* [Data supplied]
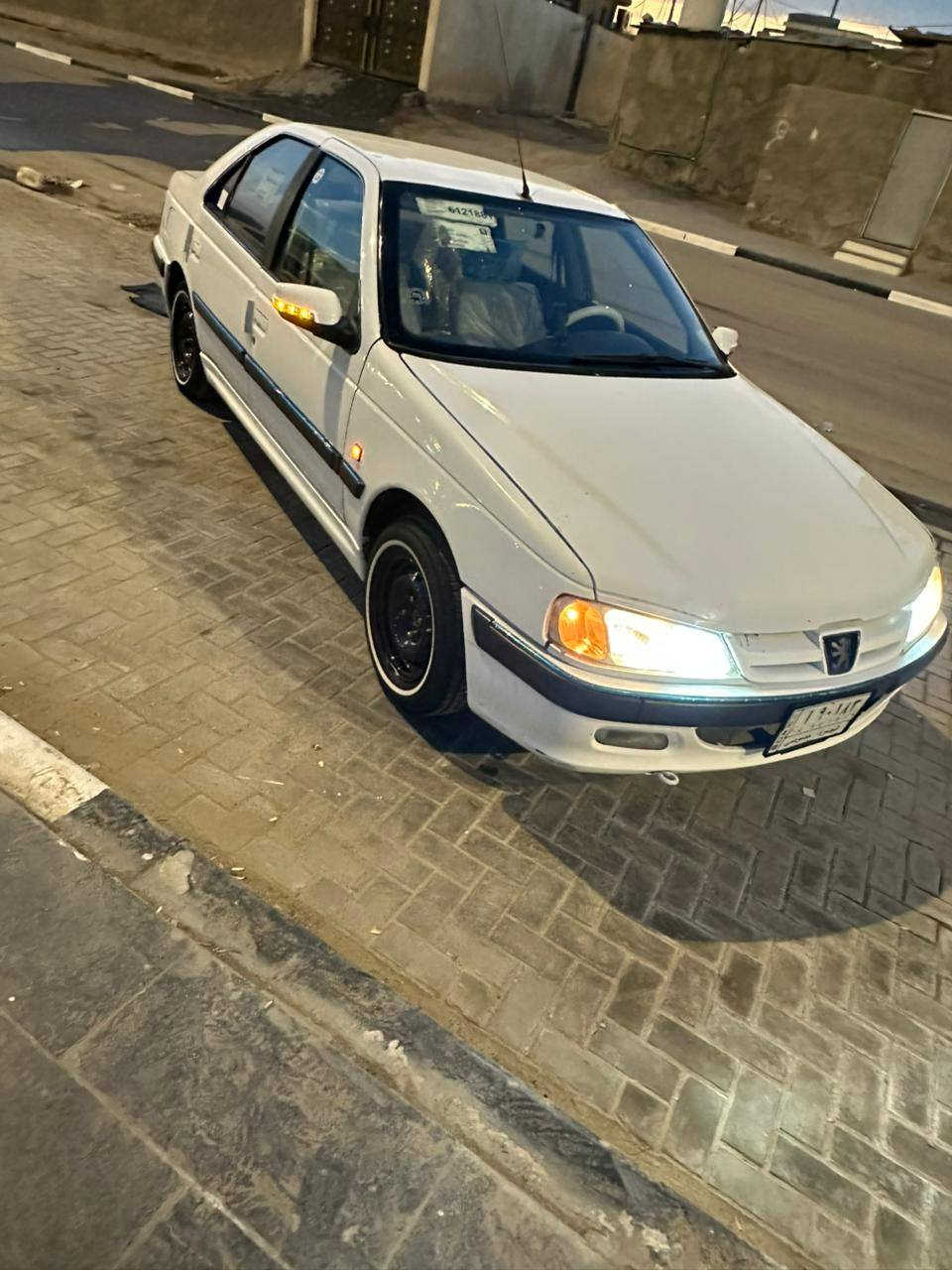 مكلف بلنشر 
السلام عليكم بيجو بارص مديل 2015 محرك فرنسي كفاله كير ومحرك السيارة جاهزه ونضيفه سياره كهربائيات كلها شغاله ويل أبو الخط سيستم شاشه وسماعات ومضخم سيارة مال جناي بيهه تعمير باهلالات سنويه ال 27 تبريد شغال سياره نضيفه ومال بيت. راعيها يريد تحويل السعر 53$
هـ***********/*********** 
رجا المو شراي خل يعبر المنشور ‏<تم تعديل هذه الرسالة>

---

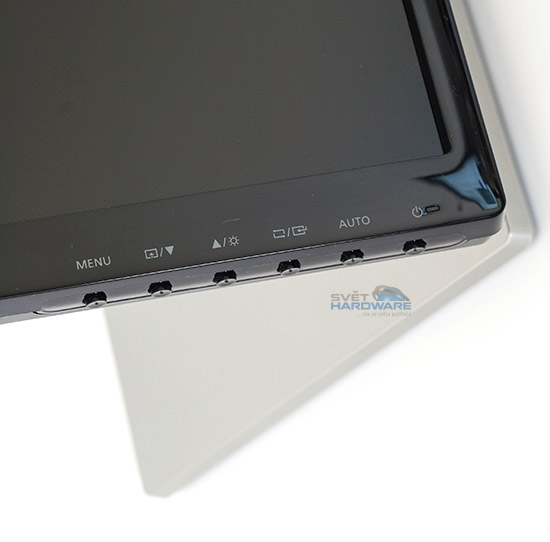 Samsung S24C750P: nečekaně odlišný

* [Problem] Exact duplication is required for the lines above, from the line that contains "السلام عليكم بيجو" to the line that contains "رجا المو شراي", inclusive; omit all others.

* [Exercise response]
السلام عليكم بيجو بارص مديل 2015 محرك فرنسي كفاله كير ومحرك السيارة جاهزه ونضيفه سياره كهربائيات كلها شغاله ويل أبو الخط سيستم شاشه وسماعات ومضخم سيارة مال جناي بيهه تعمير باهلالات سنويه ال 27 تبريد شغال سياره نضيفه ومال بيت. راعيها يريد تحويل السعر 53$
هـ***********/*********** 
رجا المو شراي خل يعبر المنشور ‏<تم تعديل هذه الرسالة>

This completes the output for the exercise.